Some Problems to Ponder & Discuss
• If “nothing could be more absurd” than the doctrine of the “balance of trade,” as Smith noted, why has this doctrine persisted and continued to dominate most public discussions of trade policy?
• Which is of primary importance or absolutely necessary for the maintenance of society, benevolence or justice?
• Many people who are hostile to the free market assert that commerce undercuts or erodes moral relations; they believe that people are encouraged by market exchange to think of each other solely as competitors or as sources of benefits, rather than as friends and neighbors, so that “profits” replace affection, goodness, and morality. Smith argues, to the contrary, that commerce encourages the virtues of honesty and fair dealing and that those are the foundations for the flourishing of the other virtues. How could we determine which view is right?
• Adam Smith wrote An Inquiry into the Nature and Causes of the Wealth of Nations. What, for Adam Smith, is a nation?
• The nightly news reporter announces, “The administration today made major concessions in international trade negotiations by agreeing to open American markets to imports of foreign goods.” What might Adam Smith or other economists say about that way of understanding trade relations and policies?
Suggested Additional Reading
Adam Smith, An Inquiry into the Nature and Causes of the Wealth of Nations (many editions) and The Theory of Moral Sentiments (many editions). The most elegant and scholarly–and certainly the most affordable–editions of the works of Adam Smith are the paperback editions from Liberty Press. These two works reveal Smith the economist and Smith the moral philosopher and show the relationships between the two ways of viewing humanity.

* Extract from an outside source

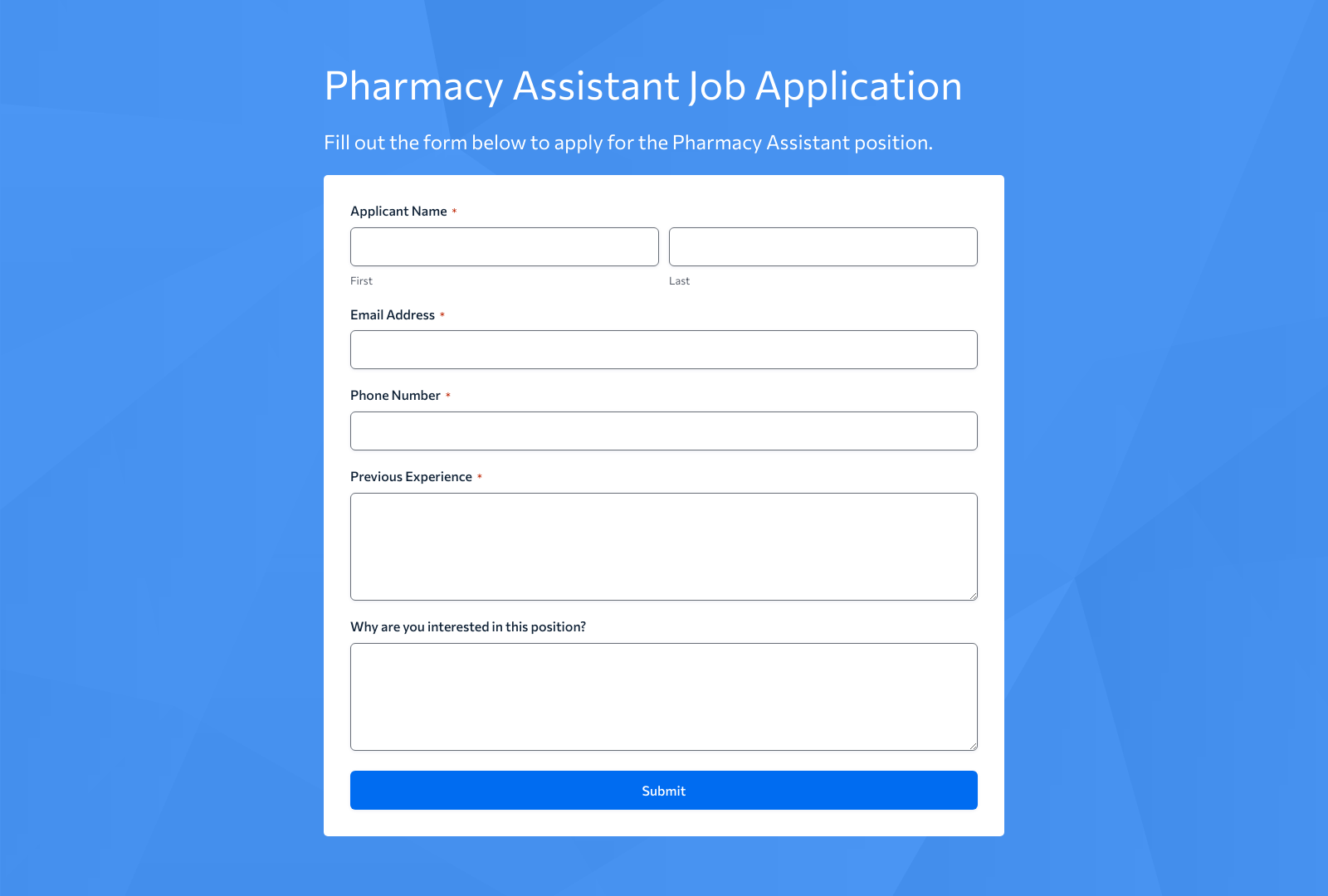 Pharmacy Assistant Job Application Form Template with fields for name, contact, experience, and submit button.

David Hume, Essays: Moral, Political, and Literary (various editions). Hume was a close friend and collaborator of Adam Smith, and he expressed complementary views in his various books and essays. Of special relevance to this module are the essays “Of the Balance of Trade” and “Of the Jealousy of Trade.”
E. G. West, Adam Smith: The Man and His Works (Indianapolis: Liberty Fund, 1976). West offers a sympathetic and enlightening overview of Adam Smith’s ideas.
For Further Study
Ronald Hamowy, The Scottish Enlightenment and the Theory of Spontaneous Order (Carbondale: Southern Illinois University Press, 1987). Hamowy presents a general introduction to the Scottish Enlightenment, the period in the late eighteenth century when such Scottish luminaries as Adam Ferguson, Adam Smith, Francis Hutcheson, and David Hume dazzled the world with the brilliance of their thought, and the central role played in it by the idea of spontaneous order.
T. S. Ashton, The Industrial Revolution, 1760–1830 (Oxford: Oxford University Press, 1962). In a compact presentation, this distinguished economic historian documents the beneficial effects of the Industrial Revolution, which created widespread wealth on a scale never before imaginable, and refutes the many myths about how capitalism and industrialism made the masses miserable.
Neil McKendrick, John Brewer, and J. H. Plumb, The Birth of a Consumer Society: The Commercialization of Eighteenth‐Century England (Bloomington: Indiana University Press, 1982). This brilliant work documents the rise of an economy oriented toward satisfying willing buyers, in which, as Neil McKendrick notes, “there were profits—even small fortunes—to be made from very modest artefacts indeed. It is no accident that Adam Smith’s famous example of the division of labour was taken from the manufacture of pins.”